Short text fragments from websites
--- START ---
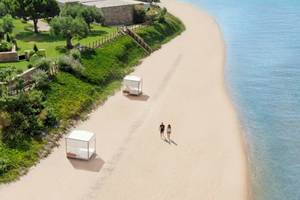Zwei Personen, die auf einem Strand entlanggehen, mit zwei weißen Bettzelten auf der Seite.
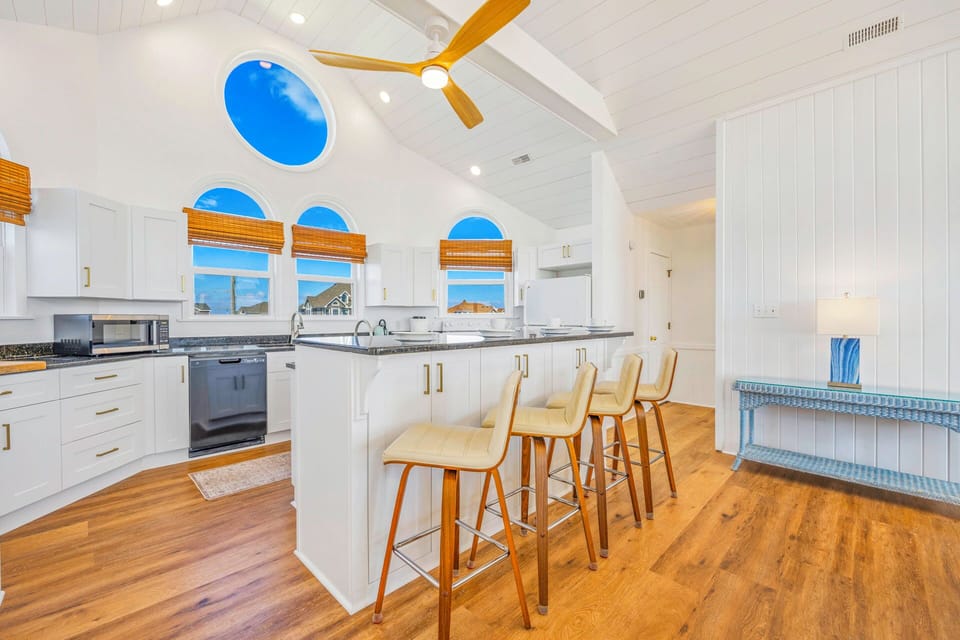 Your bright, coastal-inspired kitchen features vaulted ceilings, granite countertops, and a breakfast bar perfect for morning coffee or evening wine.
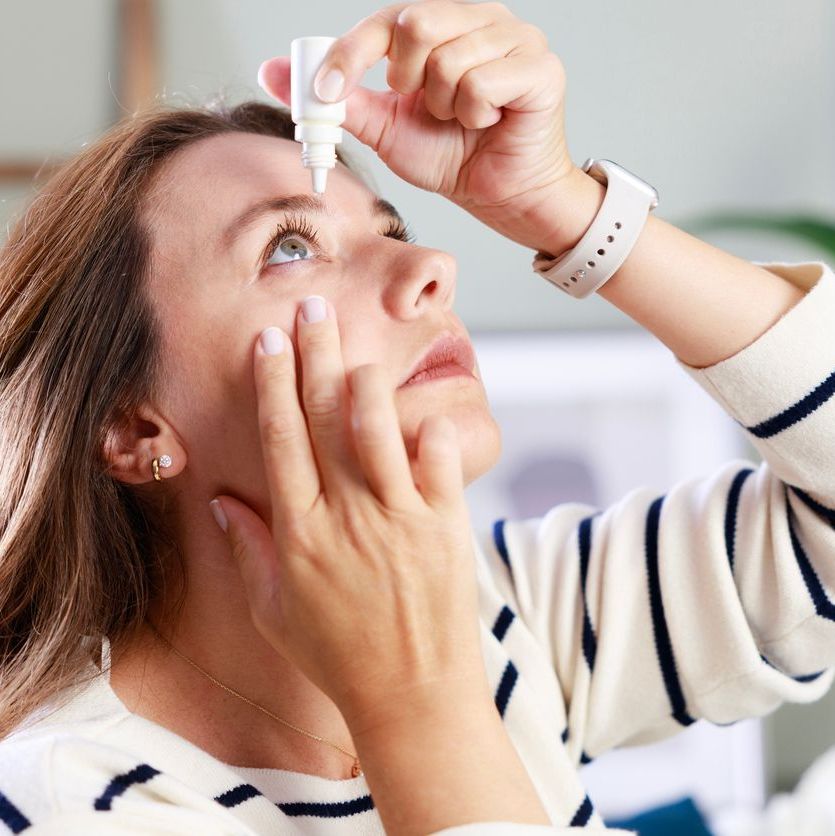 Young woman putting eye drops at home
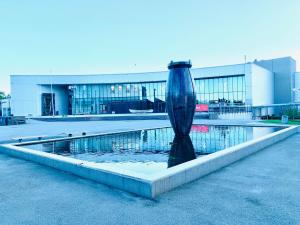 a vase sitting in a fountain in front of a building at Husnes Sentrum Hotell in Husnes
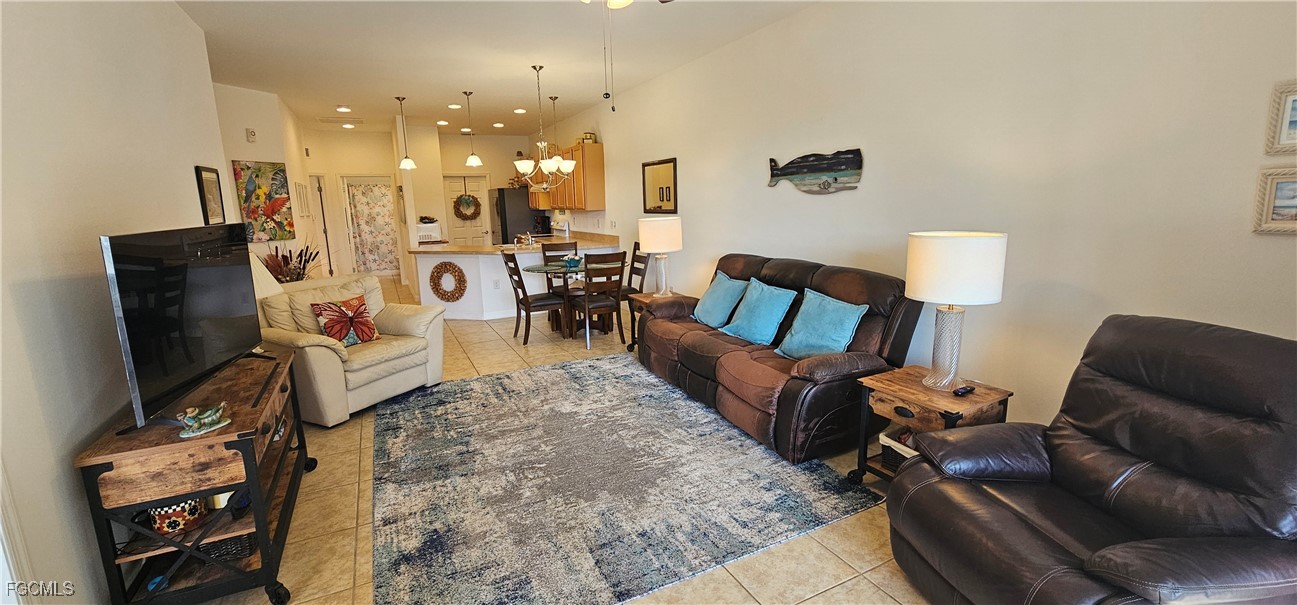 10788 Crossback Lane Lehigh Acres, FL 33936 - Photo 18 of 32 a living room with furniture and a flat screen tv
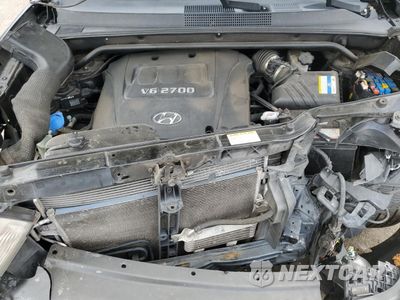 Zdjęcie 12 z 15 samochodu: 2007 HYUNDAI TUCSON SE VIN:KM8JN72D37U574931 - miniatura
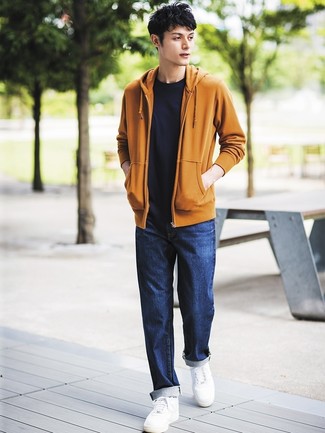 Comment porter un sweat à capuche orange: Porte un sweat à capuche orange et un jean bleu marine pour une tenue confortable aussi composée avec goût. Complète ce look avec une paire de baskets basses en cuir blanches.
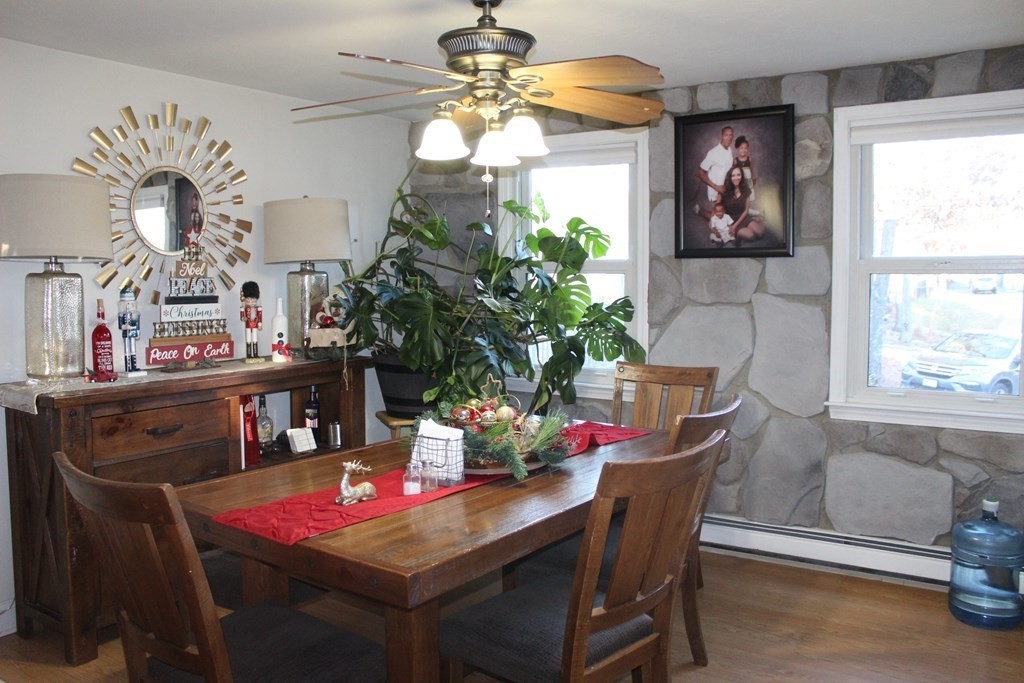 25 3rd Avenue Bellingham, MA 02019 - Photo 5 of 20 a view of a dining room with furniture and chandelier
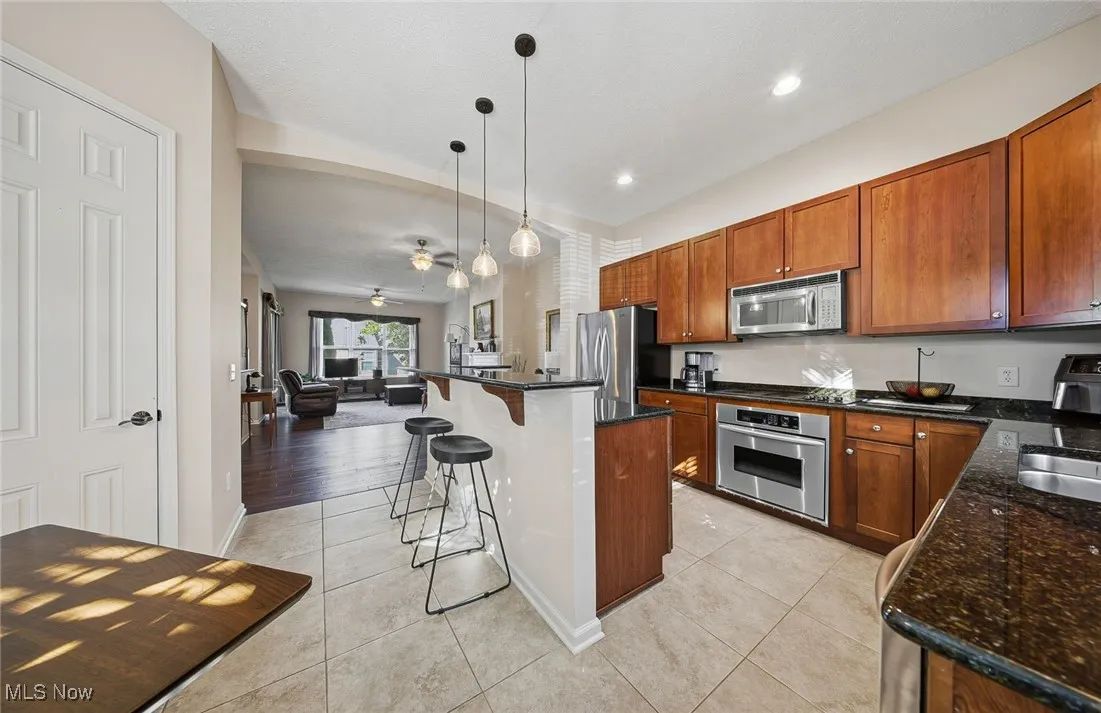 Kitchen with a kitchen breakfast bar, hanging light fixtures, appliances with stainless steel finishes, light tile patterned floors, and a ceiling fan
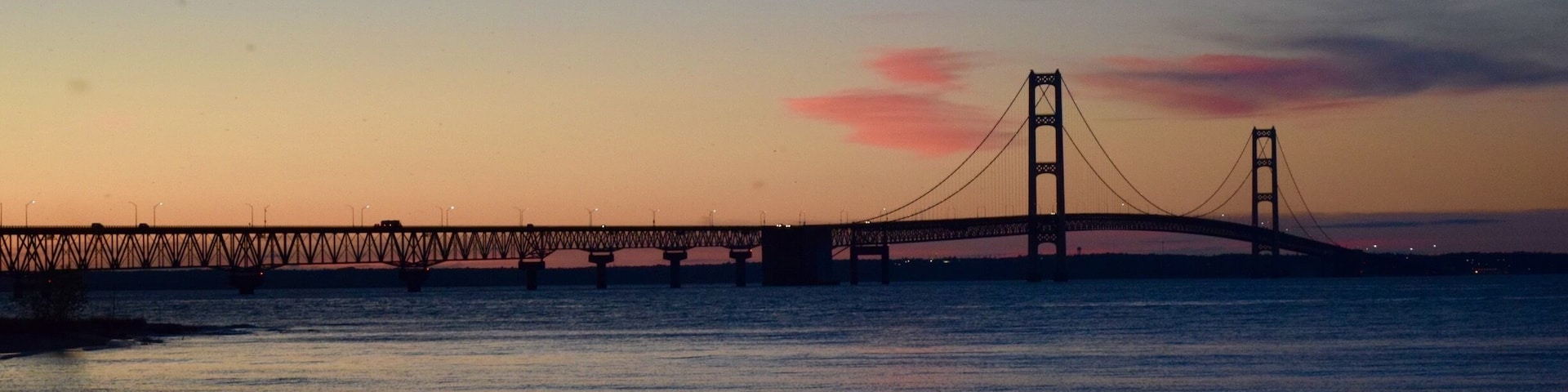 The Mackinac Bridge spans the Straits of Mackinac, connecting lower and upper Michigan. Lake Huron is in the foreground and Lake Michigan is in the background behind the bridge. I liked the patterns created by the bridge structure. #patterns #michigan #bridges #AquaTrove #blue #Nature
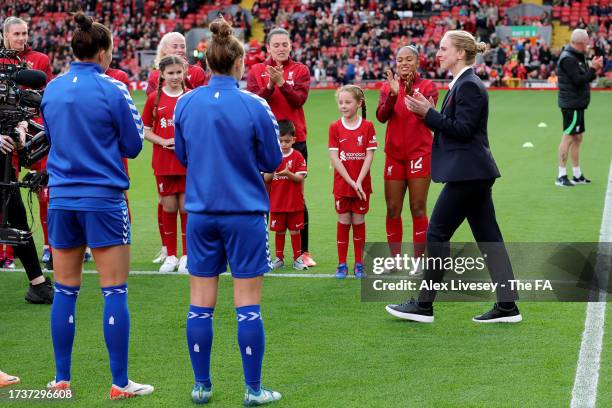 Former Liverpool footballer, Natasha Dowie is applauded prior to the Barclays Women's Super League match between Liverpool FC and Everton FC at...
--- END ---
Exercise brief
The pictures stay out of the copy. Set down the entries above precisely.

Exercise result
Zwei Personen, die auf einem Strand entlanggehen, mit zwei weißen Bettzelten auf der Seite.
 Your bright, coastal-inspired kitchen features vaulted ceilings, granite countertops, and a breakfast bar perfect for morning coffee or evening wine.
 Young woman putting eye drops at home
 a vase sitting in a fountain in front of a building at Husnes Sentrum Hotell in Husnes
 10788 Crossback Lane Lehigh Acres, FL 33936 - Photo 18 of 32 a living room with furniture and a flat screen tv
 Zdjęcie 12 z 15 samochodu: 2007 HYUNDAI TUCSON SE VIN:KM8JN72D37U574931 - miniatura
 Comment porter un sweat à capuche orange: Porte un sweat à capuche orange et un jean bleu marine pour une tenue confortable aussi composée avec goût. Complète ce look avec une paire de baskets basses en cuir blanches.
 25 3rd Avenue Bellingham, MA 02019 - Photo 5 of 20 a view of a dining room with furniture and chandelier
 Kitchen with a kitchen breakfast bar, hanging light fixtures, appliances with stainless steel finishes, light tile patterned floors, and a ceiling fan
 The Mackinac Bridge spans the Straits of Mackinac, connecting lower and upper Michigan. Lake Huron is in the foreground and Lake Michigan is in the background behind the bridge. I liked the patterns created by the bridge structure. #patterns #michigan #bridges #AquaTrove #blue #Nature
 Former Liverpool footballer, Natasha Dowie is applauded prior to the Barclays Women's Super League match between Liverpool FC and Everton FC at...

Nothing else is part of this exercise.